Our day-to-day lives are marked by routine. When we wake up, when we go to work, to school, to eat. Who we spend time with. Where we go. Even the most spontaneous people have these routines. In professional development, this is also referred to as someone's "comfort zone". Everyone's comfort zone consists of what one is comfortable with, and the width varies from person to person. Some people have wider comfort zones than others, and some narrower. While there is nothing wrong with having a wider or narrower comfort zone, the comfort zone definitely becomes a safe space for people to hide in. It's where a minimal amount of effort needs to be put into whatever work is being done, and done well. However, it is also a place of minimal growth.

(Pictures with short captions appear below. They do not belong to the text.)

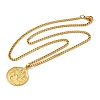 Brass Clear Cubic Zirconia Curb Chain Constellation Pendant Medal Necklaces for Women LS-NJEW-U010-01G-12-2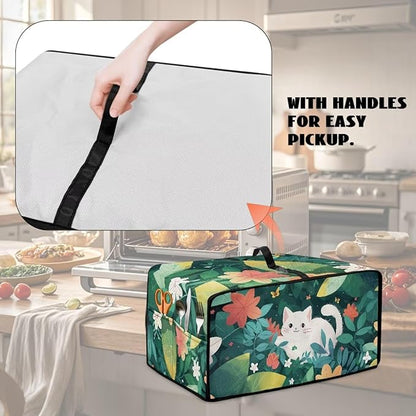 Air Fryer Toaster Oven Dust Cover Protective Convection Oven Cover with Pockets and Handle for Kitchen Countertop, L, 18.5 x 22.5 x 13 Inches, White Cat Green Leaf Flower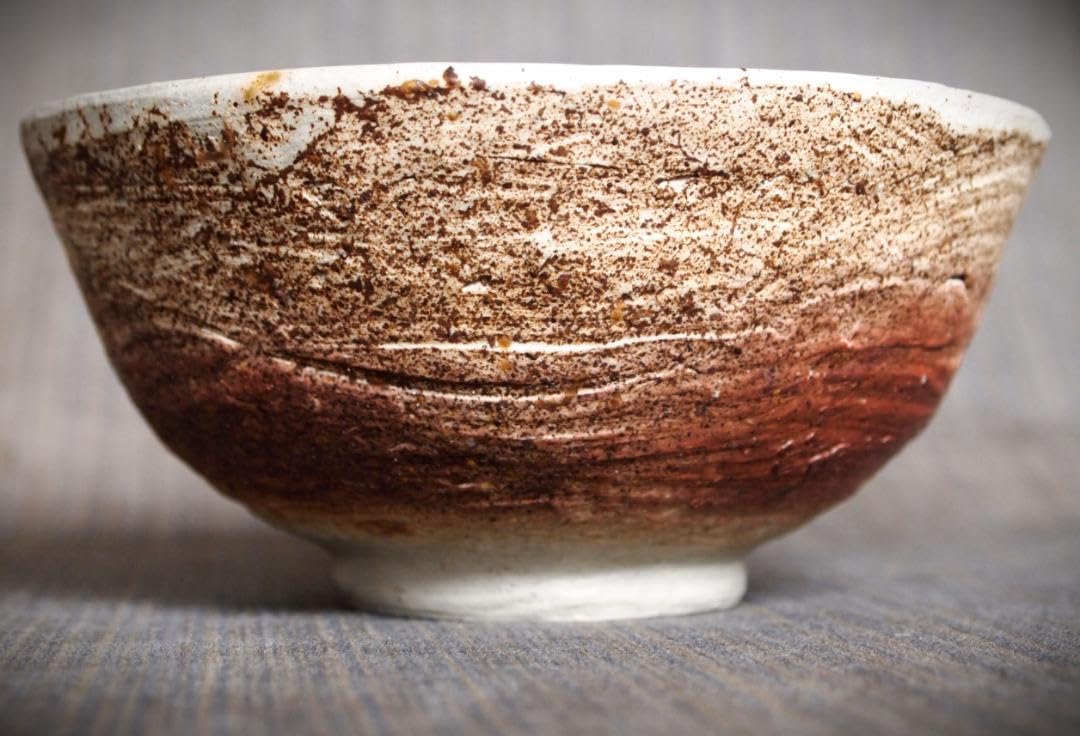 作家川端文男師:金重利右衛門備前自然練りみ茶碗共箱・布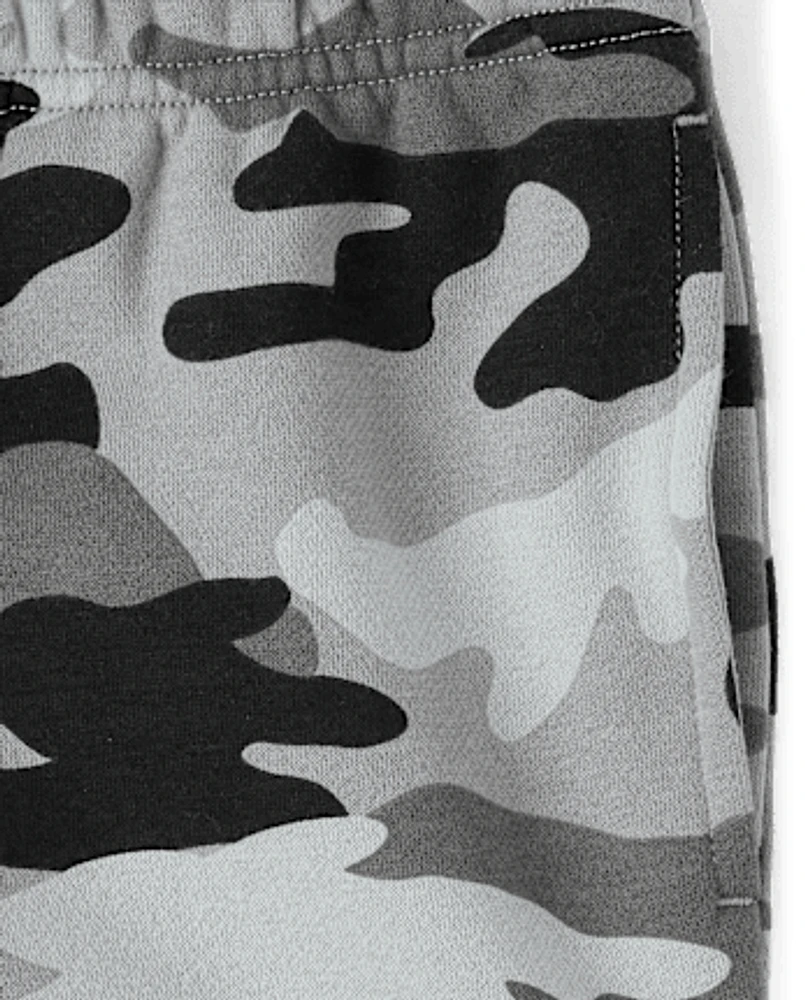 Boys Camo Fleece Cargo Jogger Pants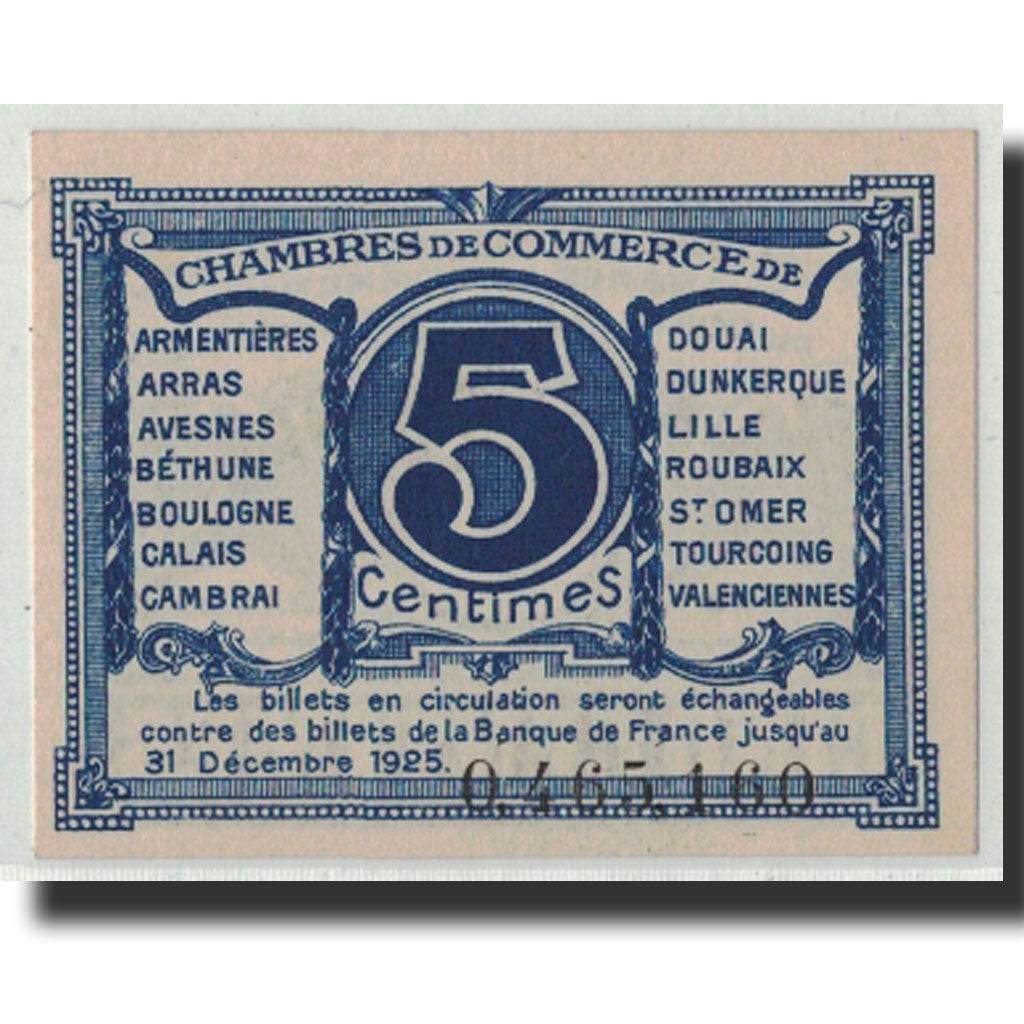 Banknote, Pirot:94-1, 5 Centimes, Undated, France, UNC(65-70), NORD-PAS DE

Perhaps this is something that you've heard, perhaps not. There will always be something beyond your comfort zone. Many successful people have time and time again advised that creativity becomes success when one pushes themselves outside of their comfort zone. There is always something that makes everyone mildly uncomfortable, whether it be because of unfamiliarity or fear, and it is being able to overcome this fear or uncertainty which allows someone to grow. Without continuous growth -no matter what that means for a person- I don't believe anyone can truly find who they are and who they are meant to be without difficulty. Those that do are often times either lying and putting on a front, or just very very privileged.
This lifestyle choice is driven by more than just motivational quotes. It's difficult, and it requires much hard work. Sometimes, stepping out of one's comfort zone is as simple as getting out of bed every morning or making breakfast. Other times, it's deciding between jobs or homes or whether or not to spend forever with a significant other. Whatever decision is made, must be made under a pretense of growth, not assumed comfort. The job where you learn the most and are pushed the most intellectually will be the one that you will walk away from with the most experience to discuss at your next interview, should you find yourself wanting to keep job searching. Points of stagnation and plateaus in knowledge consumption are the beginnings of the end. Always aim for an upward angle, because frankly, you can do it, and you deserve the best. So go for it! Take a shot, a risk. Step out of your comfort zone and do the things you're not so comfortable doing until you are, and know with confidence that you can do anything.